The document, which began by saying “Maryland’s Market Stalls During July,” cited reports of uncertainties in financial markets, declining consumer confidence and spending and lackluster hiring at the national level as a reason for explaining that “Maryland’s economic recovery faltered in July.”
The posting of the internal document prompted officials in the department to scramble once they and other administration officials learned of it.
On Tuesday, Sanchez described the internal document as material that is used for discussions within the department before it puts out a monthly statement on its website about employment numbers in the state.
An e-mail on Aug. 20 from labor department spokesman Bernie Kohn to labor department staff titled “labor market fiasco” asked if the staff members were sure that taking down the post “removed all traces of it that anyone could pull up on a search engine?”
“Whatever we can do to make it disappear, we need to do it,” Kohn wrote. “That’s coming straight from the top.”
Sanchez said he was the person Kohn was referring to — not O’Malley.
“That’s referring to me and me only,” Sanchez said.
Former Gov. Robert L. Ehrlich Jr., a Republican who is in a rematch with the Democratic incumbent, made public a series of e-mails Monday that were sent by department officials between Aug. 10 and Aug. 20. The e-mails were obtained through Maryland Public Information Act requests. The Associated Press also has acquired the e-mails.

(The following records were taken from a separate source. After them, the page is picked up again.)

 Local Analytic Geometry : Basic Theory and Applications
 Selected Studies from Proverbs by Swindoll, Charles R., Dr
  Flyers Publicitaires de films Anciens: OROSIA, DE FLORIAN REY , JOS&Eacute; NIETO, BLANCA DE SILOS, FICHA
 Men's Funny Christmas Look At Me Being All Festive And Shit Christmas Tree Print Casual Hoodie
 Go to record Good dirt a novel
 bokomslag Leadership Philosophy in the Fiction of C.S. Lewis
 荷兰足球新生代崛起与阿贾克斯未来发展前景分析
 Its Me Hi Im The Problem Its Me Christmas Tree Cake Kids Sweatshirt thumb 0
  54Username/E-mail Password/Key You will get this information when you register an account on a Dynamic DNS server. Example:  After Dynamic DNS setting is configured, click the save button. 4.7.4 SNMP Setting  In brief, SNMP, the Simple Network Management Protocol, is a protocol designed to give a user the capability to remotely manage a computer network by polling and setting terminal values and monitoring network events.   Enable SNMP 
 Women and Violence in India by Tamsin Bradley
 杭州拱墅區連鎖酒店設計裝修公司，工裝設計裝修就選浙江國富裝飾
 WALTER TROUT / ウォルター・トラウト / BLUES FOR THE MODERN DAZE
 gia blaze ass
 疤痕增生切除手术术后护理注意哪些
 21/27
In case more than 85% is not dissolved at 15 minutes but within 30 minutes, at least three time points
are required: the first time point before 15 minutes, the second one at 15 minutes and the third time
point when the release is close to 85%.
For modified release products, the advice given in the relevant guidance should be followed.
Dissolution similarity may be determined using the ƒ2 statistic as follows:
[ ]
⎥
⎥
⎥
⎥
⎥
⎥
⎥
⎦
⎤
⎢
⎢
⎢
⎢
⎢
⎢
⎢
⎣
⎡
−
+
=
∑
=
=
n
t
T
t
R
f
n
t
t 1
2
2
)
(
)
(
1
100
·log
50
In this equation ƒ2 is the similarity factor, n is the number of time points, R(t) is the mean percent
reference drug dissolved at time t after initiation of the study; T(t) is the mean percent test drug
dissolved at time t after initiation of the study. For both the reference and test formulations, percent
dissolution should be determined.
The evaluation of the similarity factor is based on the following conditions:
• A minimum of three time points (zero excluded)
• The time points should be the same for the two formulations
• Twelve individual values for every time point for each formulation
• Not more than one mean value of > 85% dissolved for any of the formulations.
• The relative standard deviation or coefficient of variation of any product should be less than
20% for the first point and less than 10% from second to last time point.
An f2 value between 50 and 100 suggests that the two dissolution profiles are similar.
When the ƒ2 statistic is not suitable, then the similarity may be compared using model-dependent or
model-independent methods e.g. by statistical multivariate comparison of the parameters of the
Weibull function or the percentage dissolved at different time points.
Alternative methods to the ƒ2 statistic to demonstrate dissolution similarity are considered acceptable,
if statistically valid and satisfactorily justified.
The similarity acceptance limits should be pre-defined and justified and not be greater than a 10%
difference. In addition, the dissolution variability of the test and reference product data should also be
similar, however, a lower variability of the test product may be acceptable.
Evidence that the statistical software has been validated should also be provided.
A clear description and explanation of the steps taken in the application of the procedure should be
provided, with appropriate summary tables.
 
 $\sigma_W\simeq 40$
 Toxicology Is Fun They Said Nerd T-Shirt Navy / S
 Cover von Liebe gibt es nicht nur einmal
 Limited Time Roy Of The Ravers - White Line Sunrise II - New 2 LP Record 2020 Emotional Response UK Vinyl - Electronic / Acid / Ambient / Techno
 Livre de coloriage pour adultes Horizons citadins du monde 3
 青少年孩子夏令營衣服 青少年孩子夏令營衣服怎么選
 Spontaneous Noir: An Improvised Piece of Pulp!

Ehrlich’s campaign contends that the e-mails demonstrate that the O’Malley administration was softening a gloomy economic outlook to portray Maryland’s economy in a more positive light in a tough election year.
In response, O’Malley’s campaign said Ehrlich is playing a “desperate blame game with economic statistics.” O’Malley’s campaign is emphasizing a longer view, contending that Maryland has had the best job growth in a January to August period in Maryland since 2000.
Maryland Republican Party Chairman Audrey Scott called on O’Malley to ask Sanchez to resign.
Ehrlich, in an interview Tuesday, said that the flap is an example of the labor department being “a broken agency.”
“That’s been the feedback from the small business roundtables that we’ve been attending for eight months now,” Ehrlich said.